Caption-style text data:
**********

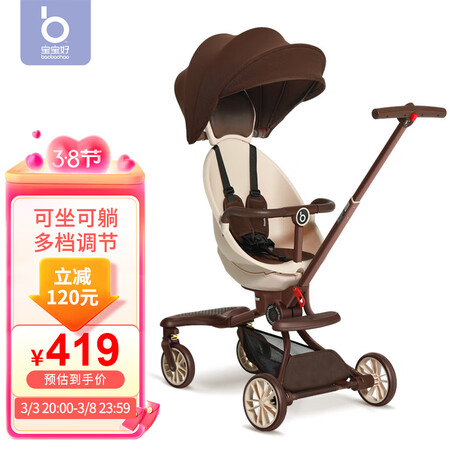 综合解密宝宝好溜娃神器轻便折叠双向遛娃车可躺高景观儿童婴儿推车质量如何呢？用了一星期经验分享！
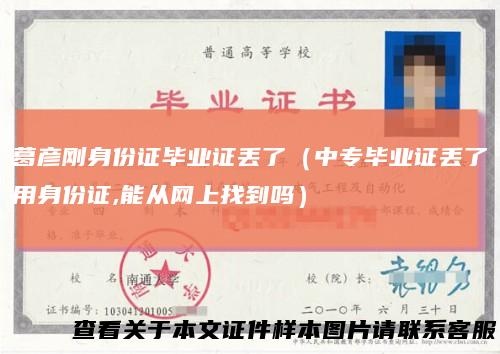 葛彦刚身份证毕业证丢了（中专毕业证丢了用身份证,能从网上找到吗）
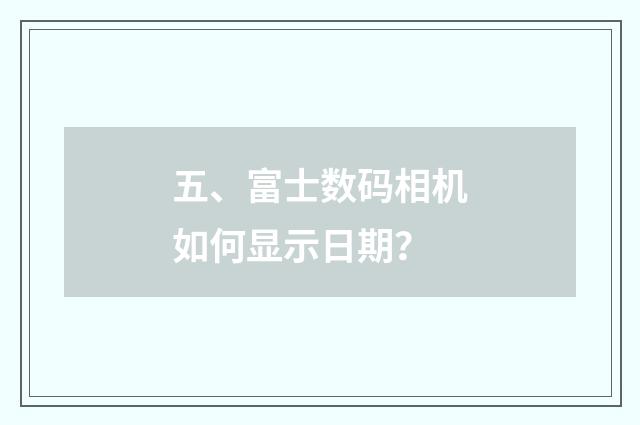 五、富士数码相机如何显示日期？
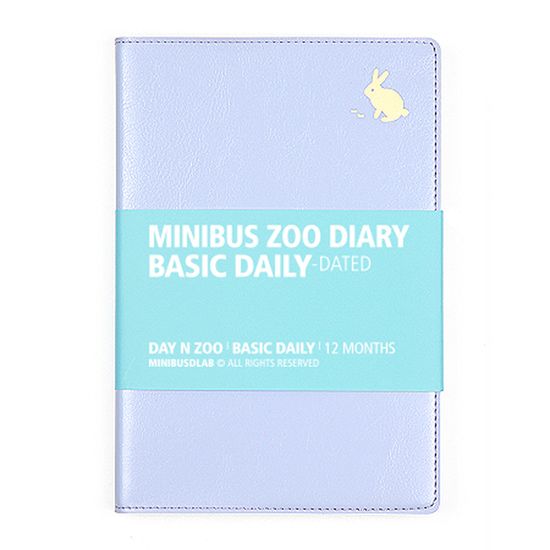 2026 동물원 다이어리 베이직 데일리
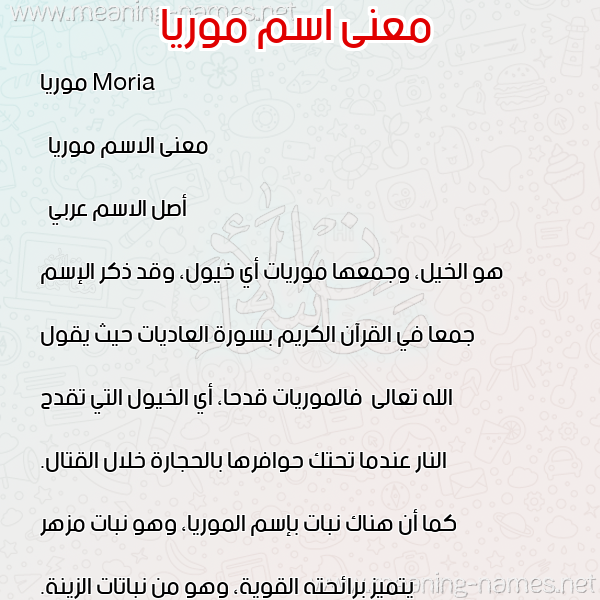 صورة اسم موريا Moria معاني الأسماء على صورة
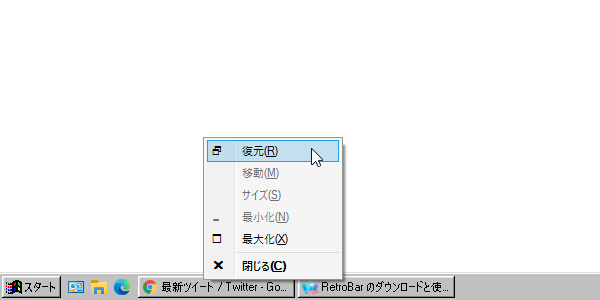 タスクバーボタンの右クリックメニュー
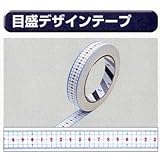 糊付け機部品 極東 83-4058 目盛デザインテープ 50m巻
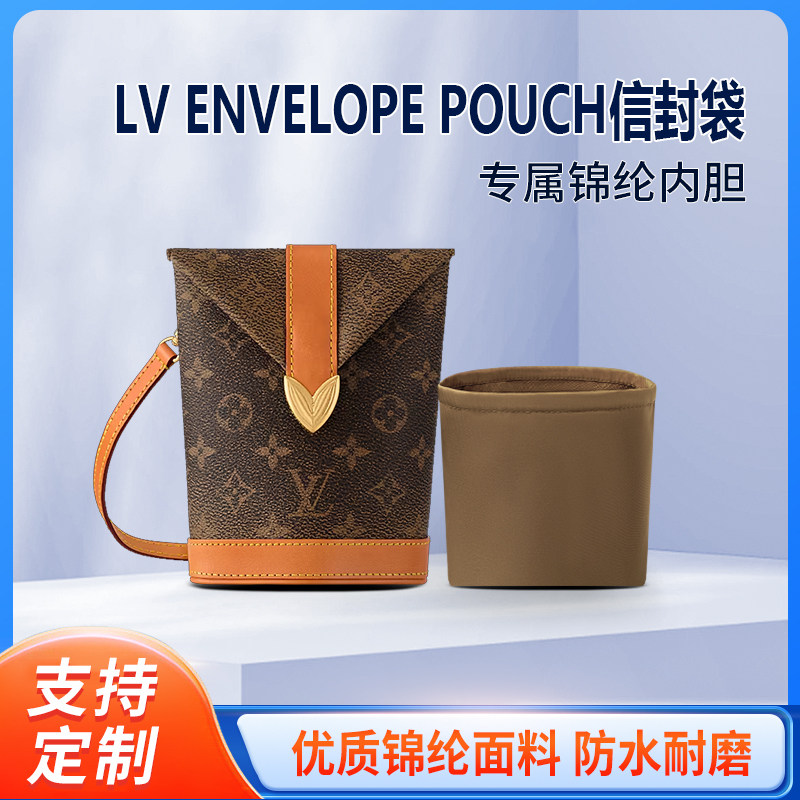 适用LV ENVELOPE POUCH信封袋收纳整理内衬内胆包轻薄尼龙包中包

**********

Assignment:
Retype, please, exactly the lines that begin with the one containing "タスクバーボタンの右クリックメニュー" and end at the last line of the entries above, both included, leaving out pictures.

Answer for the task:
 タスクバーボタンの右クリックメニュー
 糊付け機部品 極東 83-4058 目盛デザインテープ 50m巻
 适用LV ENVELOPE POUCH信封袋收纳整理内衬内胆包轻薄尼龙包中包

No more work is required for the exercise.